The year is 1925. The Burbank brothers are wealthy ranchers in Montana. At the Red Mill restaurant on their way to market, the brothers meet Rose, the widowed proprietress, and her impressionable son Peter. Phil behaves so cruelly he drives them both to tears, reveling in their hurt and rousing his fellow cowhands to laughter – all except his brother George, who comforts Rose then returns to marry her.

As Phil swings between fury and cunning, his taunting of Rose takes an eerie form – he hovers at the edges of her vision, whistling a tune she can no longer play. His mockery of her son is more overt, amplified by the cheering of Phil’s cowhand disciples. Then Phil appears to take the boy under his wing. Is this latest gesture a softening that leaves Phil exposed, or a plot twisting further into menace?
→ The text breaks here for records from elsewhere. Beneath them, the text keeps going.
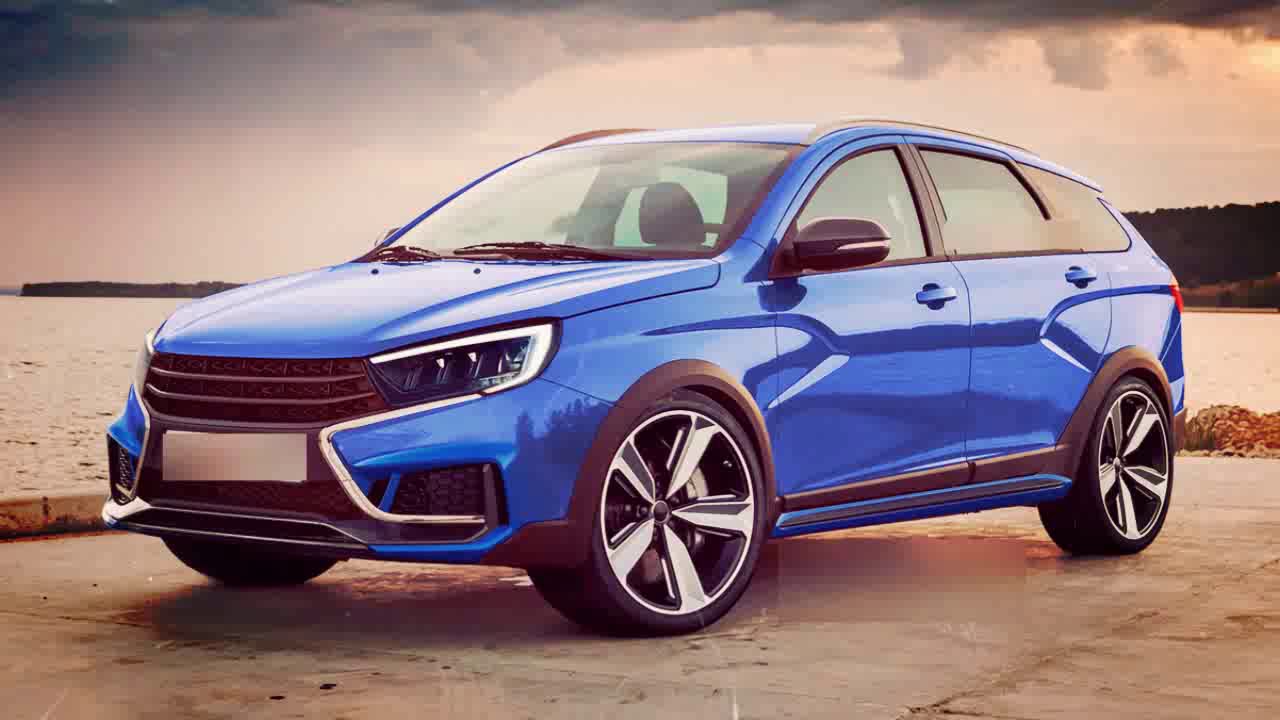 Lada vesta stance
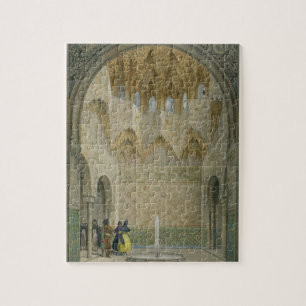 Der Hall des Abencerrages, das Alhambra, Granad Puzzle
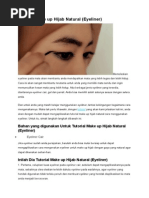 Download Tutorial Make up Hijab Naturaldocx by Erick Kemal Fuad SN255517704 doc pdf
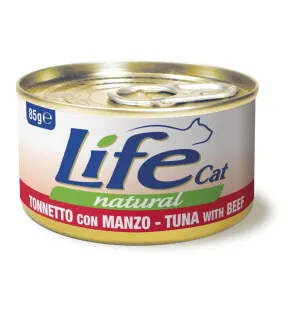 LifeCat Tonnikala & Nauta (vähärasvainen) 85g kuva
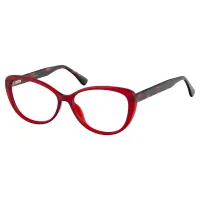 Cat-eye Red Eyeglasses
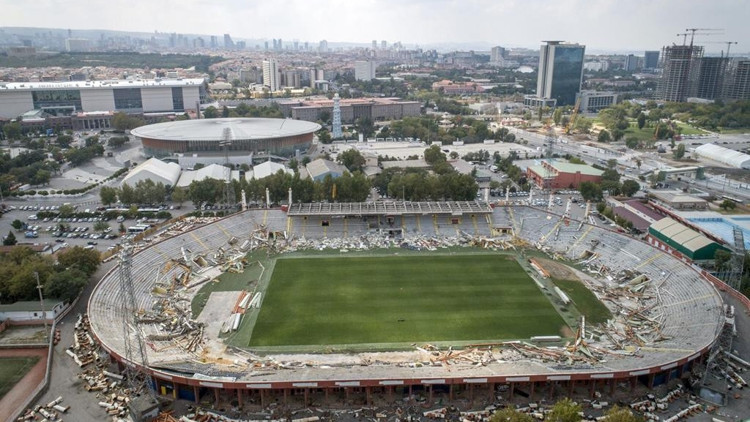 19 Mayıs Stadı’nda son aşamaya gelindi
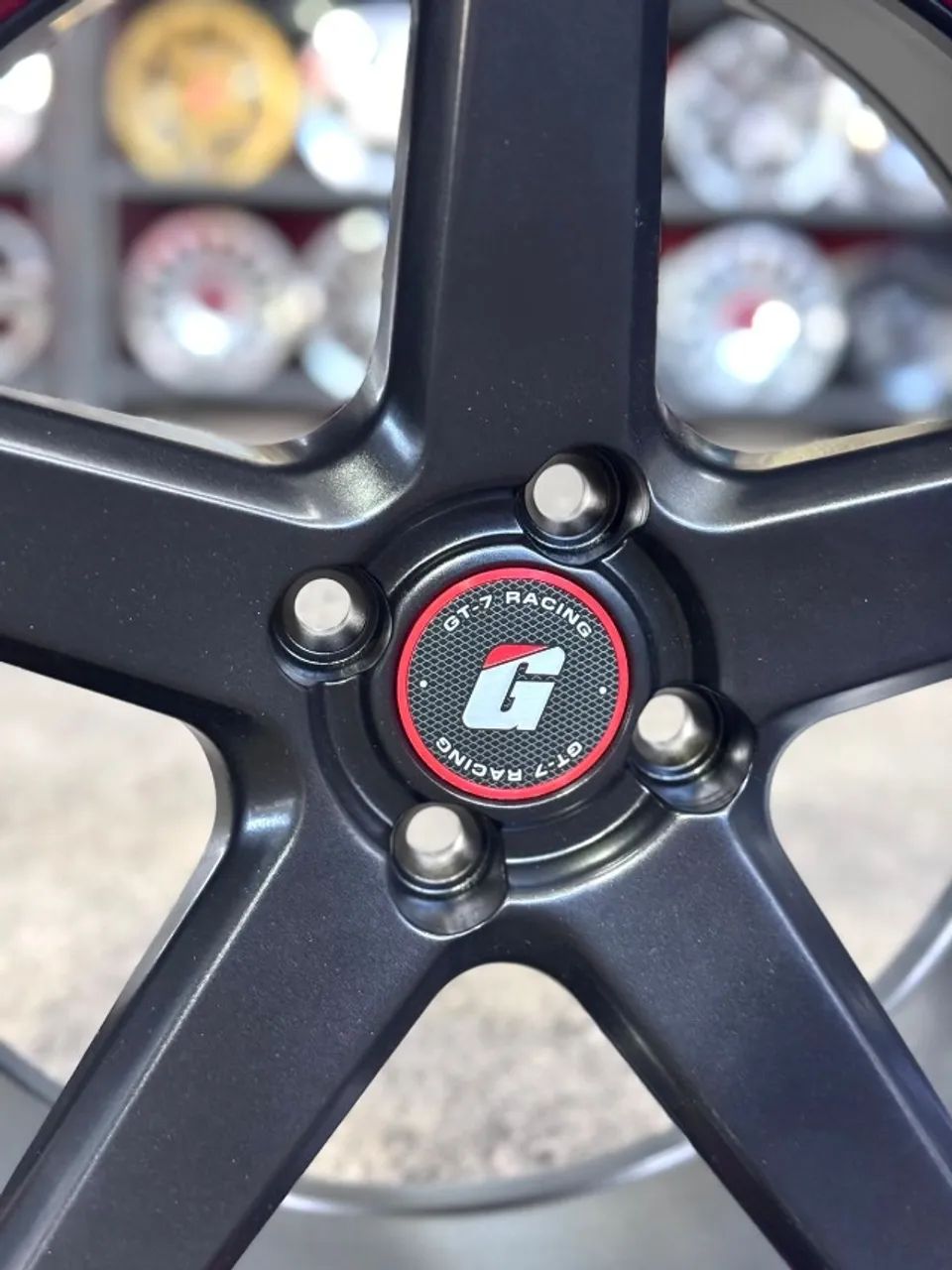 Rodas aro 17 Furação 4x100 GT7 - Foto 2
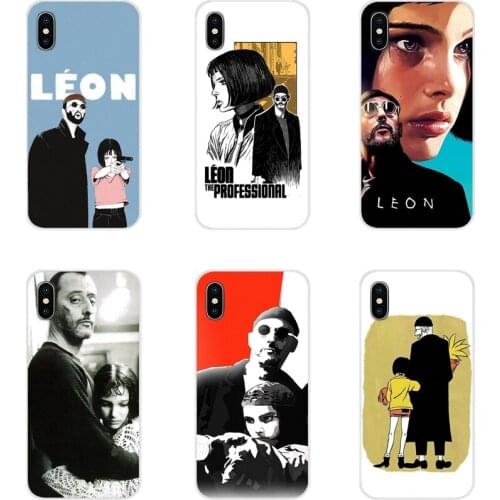 Leon And Matilda For Samsung Galaxy J1 J2 J3 J4 J5 J6 J7 J8 Plus 2018 Prime 2015 2016 2017 Accessories Phone Shell Covers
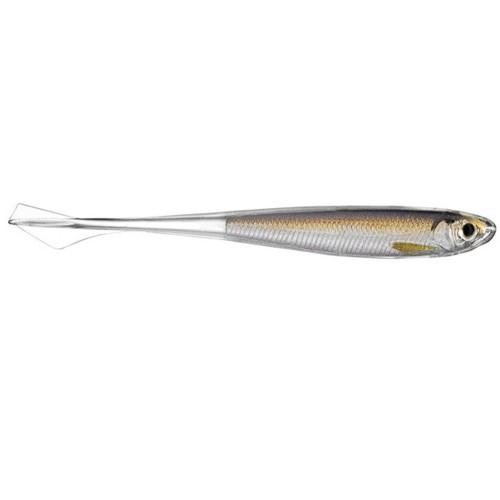 GHOST TAIL MINNOW DROPSHOT BAIT - SILVER BROWN - 9,5cm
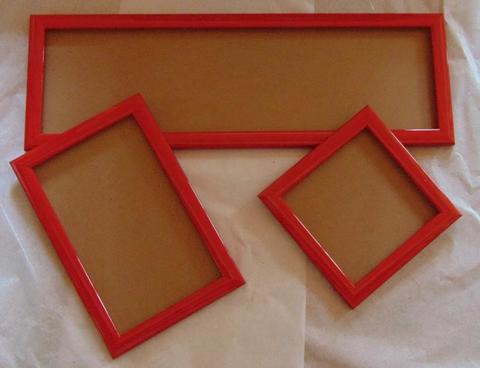 Cornice legno cm. 20x30 - Sconti per Fioristi e Aziende . - colorata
This cinematic act of knife-twisting is based on a creepy 1967 novel by Thomas Savage, which is regarded in literary circles and hailed by the likes of Annie Proulx (“Brokeback Mountain”) as something of a lost classic. The story had been floating around Hollywood for years, with even Paul Newman at one point flirting with the idea of taking on tortured rancher Phil Burbank (Cumberbatch).

“It’s a ranch story,” said Campion, who along with her producers secured rights to the novel, in an interview with IndieWire. “Nobody’s got a gun. It’s just on the end of that mythology when the cowhands are working there because they love cowboys of old and they are getting their clothes from the mail orders and dressing as cowboys as a kind of quoting of cowboys.”

The cast also includes Thomasin McKenzie, Frances Conroy, Keith Carradine, Peter Carroll, and Adam Beach. The film releases in theaters on November 17 before hitting the Netflix streaming platform December 1.